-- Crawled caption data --
= Beginning of Section =

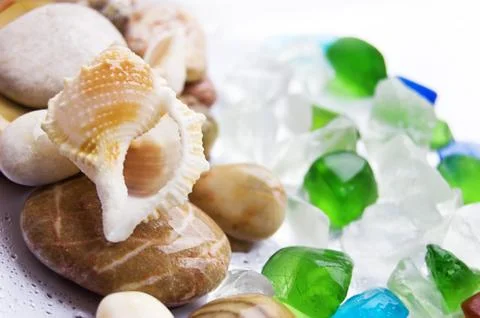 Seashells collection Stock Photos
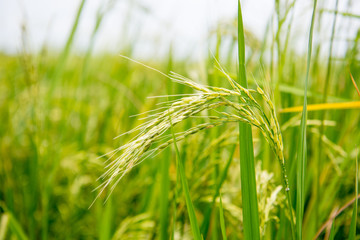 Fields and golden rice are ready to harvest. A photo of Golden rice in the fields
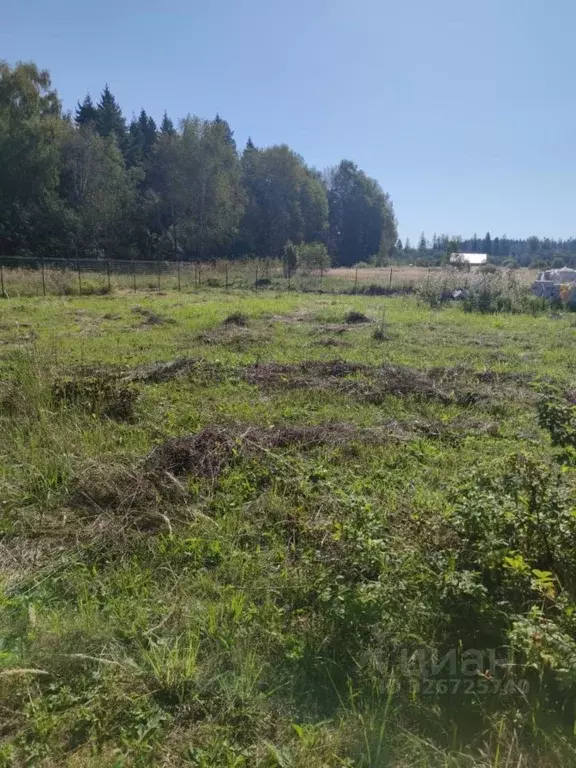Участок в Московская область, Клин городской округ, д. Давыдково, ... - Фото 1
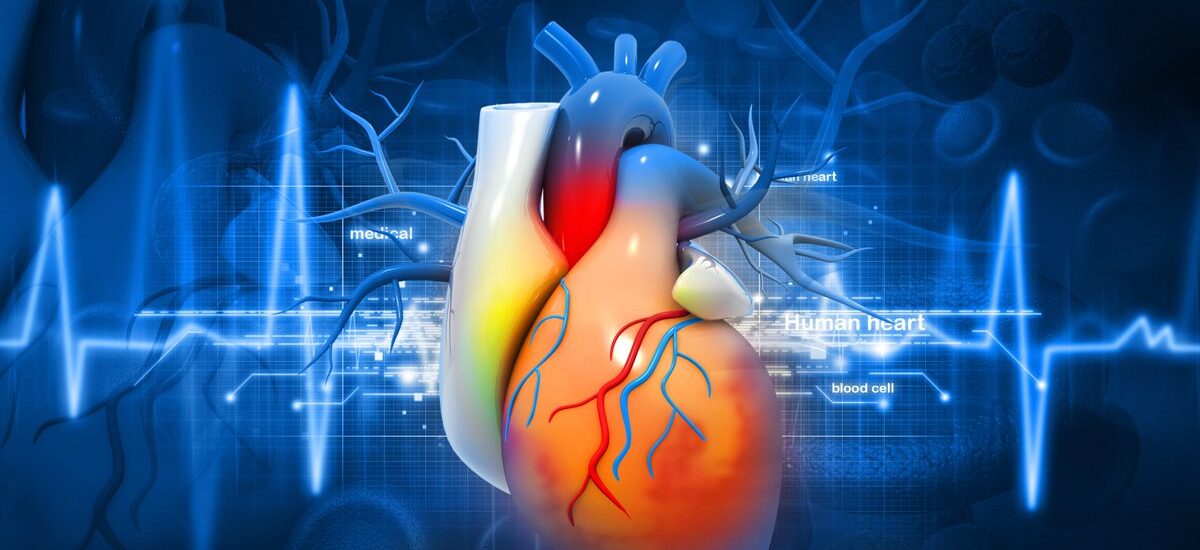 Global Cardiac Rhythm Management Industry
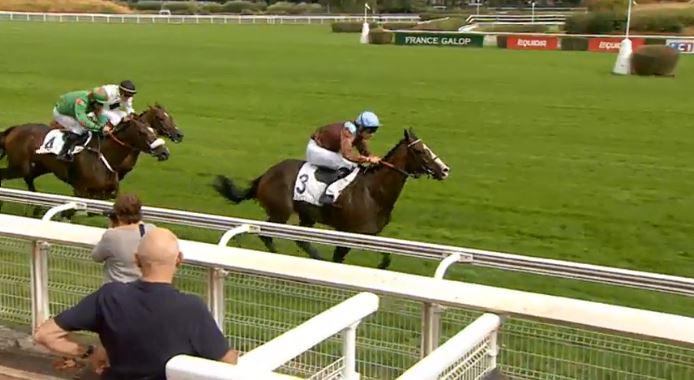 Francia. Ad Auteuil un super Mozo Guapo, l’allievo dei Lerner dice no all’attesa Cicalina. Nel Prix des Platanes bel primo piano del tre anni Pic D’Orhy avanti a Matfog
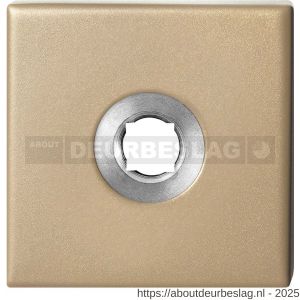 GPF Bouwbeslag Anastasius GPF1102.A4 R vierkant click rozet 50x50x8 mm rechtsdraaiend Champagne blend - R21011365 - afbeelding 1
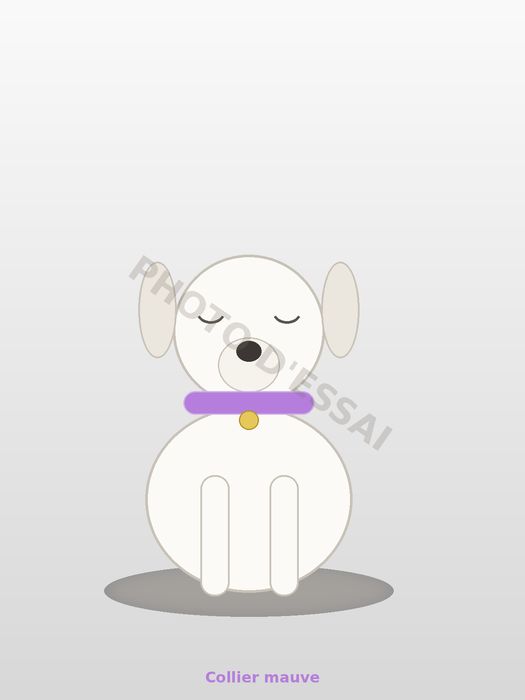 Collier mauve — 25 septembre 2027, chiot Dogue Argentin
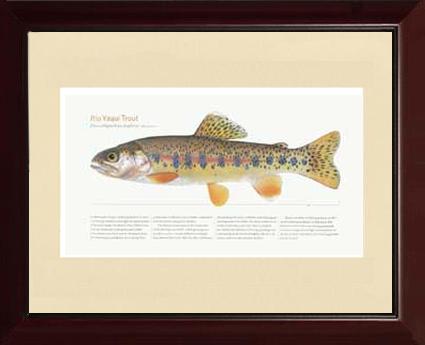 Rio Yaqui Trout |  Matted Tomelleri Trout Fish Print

= End of Section =
= Beginning of Section =

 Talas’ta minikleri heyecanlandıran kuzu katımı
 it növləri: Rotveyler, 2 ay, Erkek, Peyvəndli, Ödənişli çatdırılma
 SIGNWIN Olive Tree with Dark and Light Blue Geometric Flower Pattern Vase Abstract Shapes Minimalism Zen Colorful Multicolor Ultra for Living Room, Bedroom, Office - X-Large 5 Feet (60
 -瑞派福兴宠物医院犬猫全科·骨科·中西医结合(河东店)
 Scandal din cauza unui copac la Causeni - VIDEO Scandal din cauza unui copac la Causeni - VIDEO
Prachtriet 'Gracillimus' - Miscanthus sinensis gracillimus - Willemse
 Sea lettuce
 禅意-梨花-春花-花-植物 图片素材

= End of Section =
= Beginning of Section =

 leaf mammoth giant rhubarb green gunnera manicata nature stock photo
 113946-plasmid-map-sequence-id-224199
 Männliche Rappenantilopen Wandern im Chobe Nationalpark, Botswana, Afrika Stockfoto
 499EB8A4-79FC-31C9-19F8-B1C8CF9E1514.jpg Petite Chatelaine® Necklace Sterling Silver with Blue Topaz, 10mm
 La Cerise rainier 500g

= End of Section =

-- Activity --
In the data above, find each line that uses the string "with". Copy it.

-- Result --
 SIGNWIN Olive Tree with Dark and Light Blue Geometric Flower Pattern Vase Abstract Shapes Minimalism Zen Colorful Multicolor Ultra for Living Room, Bedroom, Office - X-Large 5 Feet (60
 499EB8A4-79FC-31C9-19F8-B1C8CF9E1514.jpg Petite Chatelaine® Necklace Sterling Silver with Blue Topaz, 10mm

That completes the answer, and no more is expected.